I had a nightmare not too long after that night. He was throwing things at me, screaming at me as I cowered in a corner, shielding my dog. The nightmare didn’t last for more than a couple of moments. I woke up with a hiss on my lips, anger jolting my system. I was betrayed by my thoughts and my mind. I should be safe when I sleep, if not anywhere else.
Every other night when I sleep, his face flashes in my dreams, a cruel trick. My body has been conditioned to wake when I see him, but I won’t fall back asleep simply because I don’t want to tempt my brain into dreaming of him.
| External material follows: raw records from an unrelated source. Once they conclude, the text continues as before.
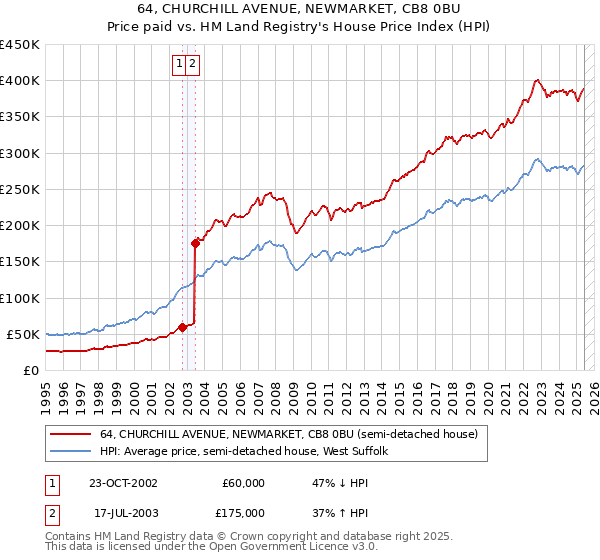 64, CHURCHILL AVENUE, NEWMARKET, CB8 0BU: Price paid vs HM Land Registry's House Price Index
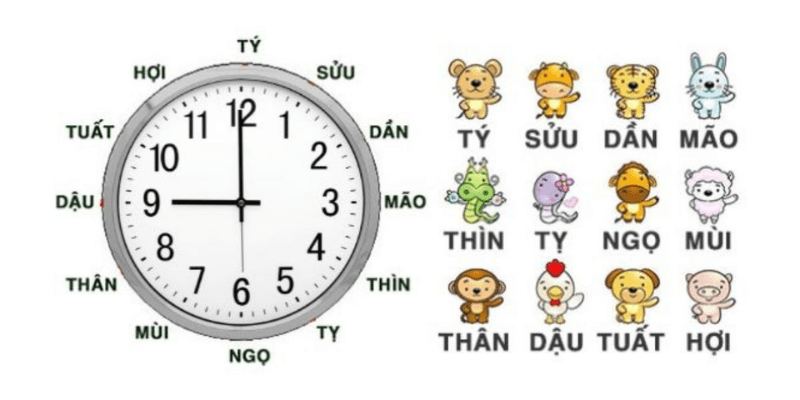 Cách chọn hướng động thổ theo mệnh quái
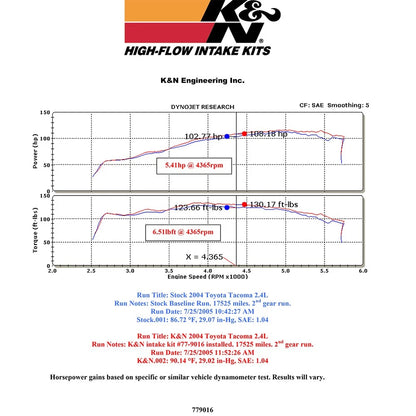 K&N High Flow Kit 2.4/2.7L Toyota Tacoma/4Runner (77-9016KP)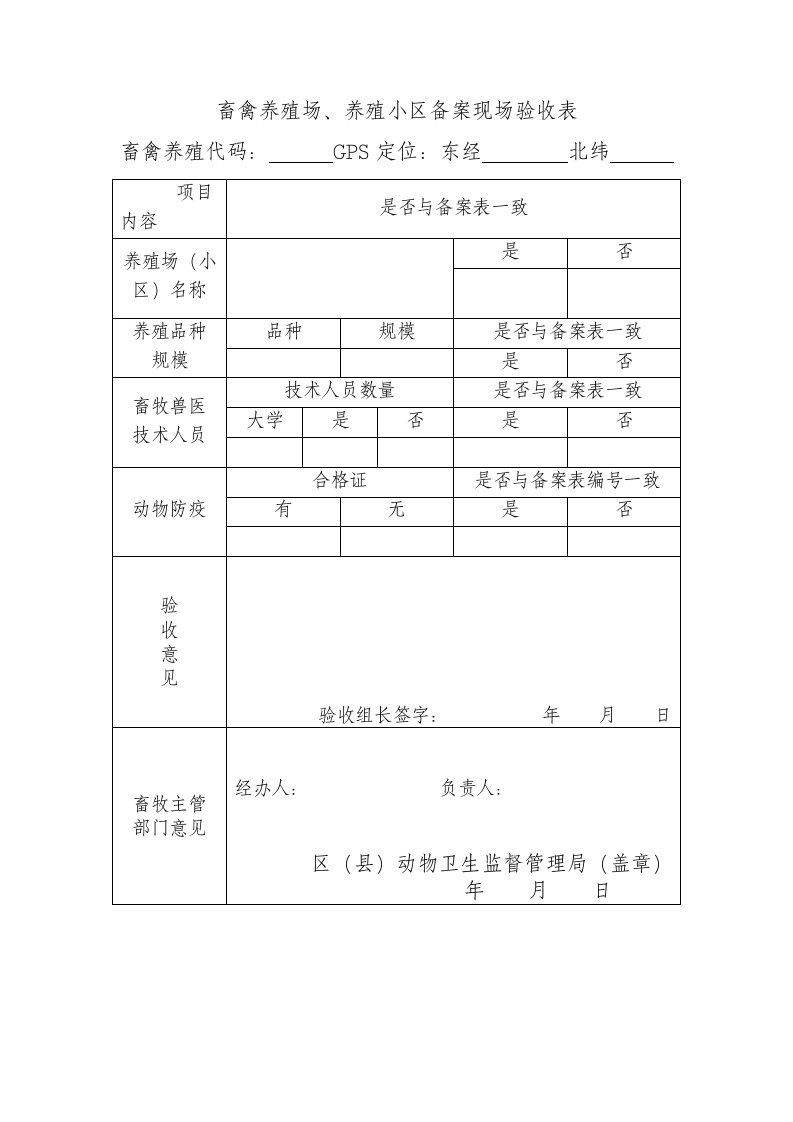 畜禽养殖场、养殖小区备案现场验收表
Two days after my release, my mother forced me to recall every time he was abusive. And that was just something I wasn’t ready to face. If I kept it tucked away, it didn’t bother anybody. It didn’t hurt anybody. I was my burden and it was one I would gladly seal away. I didn’t want to remember.
The fear was there but so was the embarrassment. I had once been strong. And when he began to hurt me, I was too embarrassed to admit to the world that I had become that woman. That I was allowing a man to knock me down and speak to me as if I wasn’t his equal. I had pretended for so long, I was willing to keep on pretending.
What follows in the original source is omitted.